All that is needed is an exact repetition of the lines from the one containing "BSN SYNTHA-6 Whey" through the final line of the material, without pictures.

_Recorded information:_
____________________

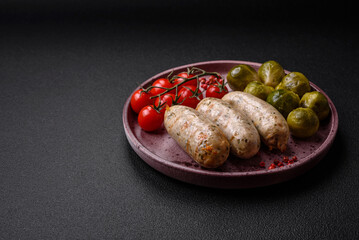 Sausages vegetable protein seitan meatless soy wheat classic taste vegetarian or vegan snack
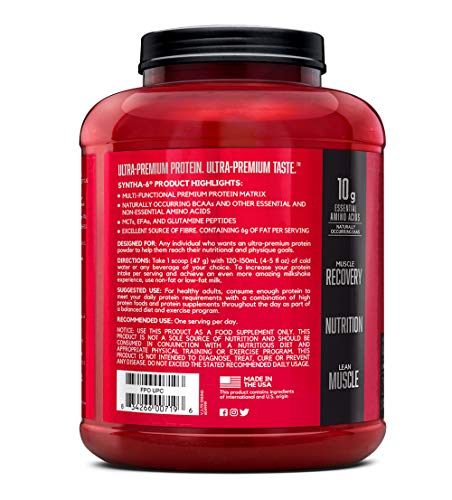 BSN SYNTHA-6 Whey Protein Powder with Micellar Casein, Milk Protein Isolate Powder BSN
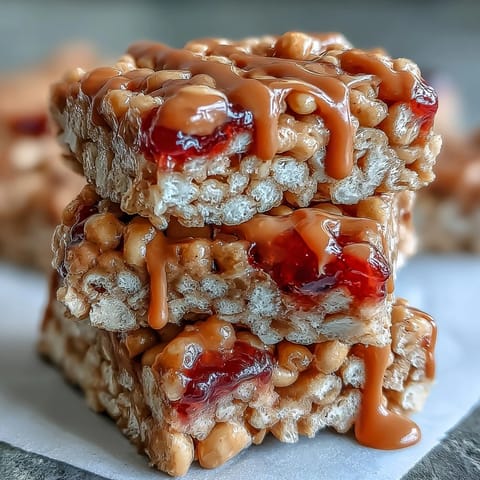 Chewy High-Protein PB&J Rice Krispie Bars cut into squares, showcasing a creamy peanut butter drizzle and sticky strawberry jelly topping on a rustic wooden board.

____________________

_Output for this exercise:_
 BSN SYNTHA-6 Whey Protein Powder with Micellar Casein, Milk Protein Isolate Powder BSN
 Chewy High-Protein PB&J Rice Krispie Bars cut into squares, showcasing a creamy peanut butter drizzle and sticky strawberry jelly topping on a rustic wooden board.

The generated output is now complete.